También se puede estar atento a las modalidades de inscripción del goce en la propia lengua. En este caso, se trata menos de apoyarse en las virtudes de la anamnesis que de situar las inflexiones que la pregunta del sujeto impone a su lengua. No buscamos lo que está normativizado por el Otro. Buscamos aquello que, en la lengua, tiene resonancias particulares, ya sea en el plano de la gramática, de la semántica e incluso de la fonemática.

A esto invita el paciente antes mencionado a aquel a quien se dirige. Da testimonio en sus decires de una propensión real a deslizarse hacia la posición de desecho.

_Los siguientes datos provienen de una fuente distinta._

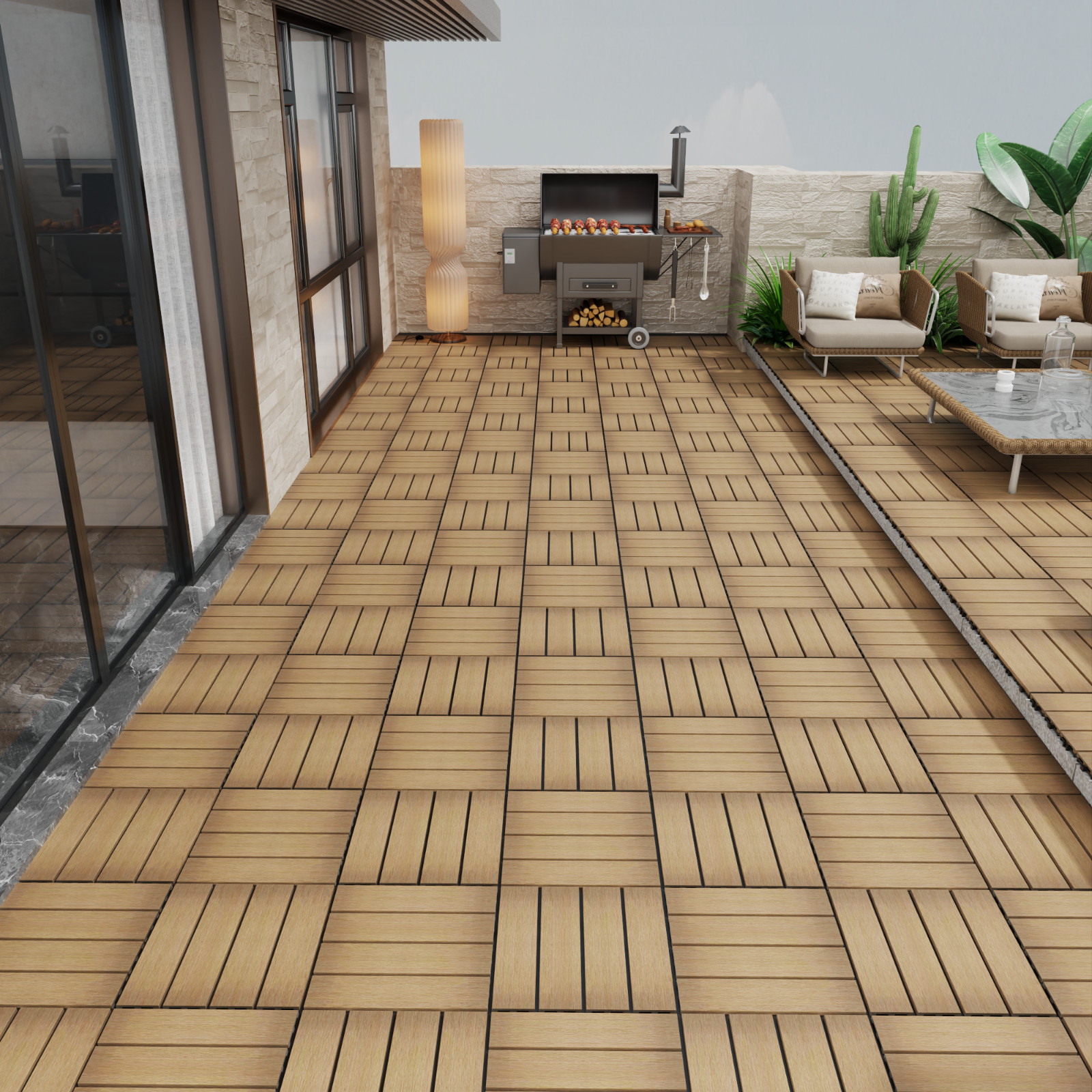 WPC Patio Tiles 22-Pack DIY Interlocking Decking 11.8″ Indoor Outdoor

En este caso, se trata de dar valor a todo aquello que le permite pasar de una posición de objeto del padre a una incapacidad contable tal como esta se dice en su lengua. Por ejemplo, se puede dar valor a lo que le sirve de ideal en la vida, «vivir solo», manteniendo la distancia que él sostiene respecto de dicho ideal en términos de incapacidad. También es posible ceñirse a la forma en que declina en sus palabras, en sus frases, las diferentes formas de su incapacidad. Se podría llegar a situar el uso que hace de la gramática para disociar las representaciones múltiples que lo identifican como incapaz, del predicado que determina la posición de goce a la que está reducido.

La figura del secretario es interesante porque nos invita a pensar en el uso que el psicótico puede hacer de nosotros. ¿Consentiremos lo suficiente a sus modalidades de transferencia, hasta el punto de aceptar las formas fuera de la norma que nos impone? Se quiera o no, la cuestión del goce es inevitable. El psicótico nos invita a pensar un nuevo uso de la lengua. Nos enseña a ejercitarnos en «lo vivo en la lengua» del que hablaba Nietzsche. ¿Seremos lo suficientemente dóciles como para ponernos a aprender en esta escuela? Esta es la cuestión.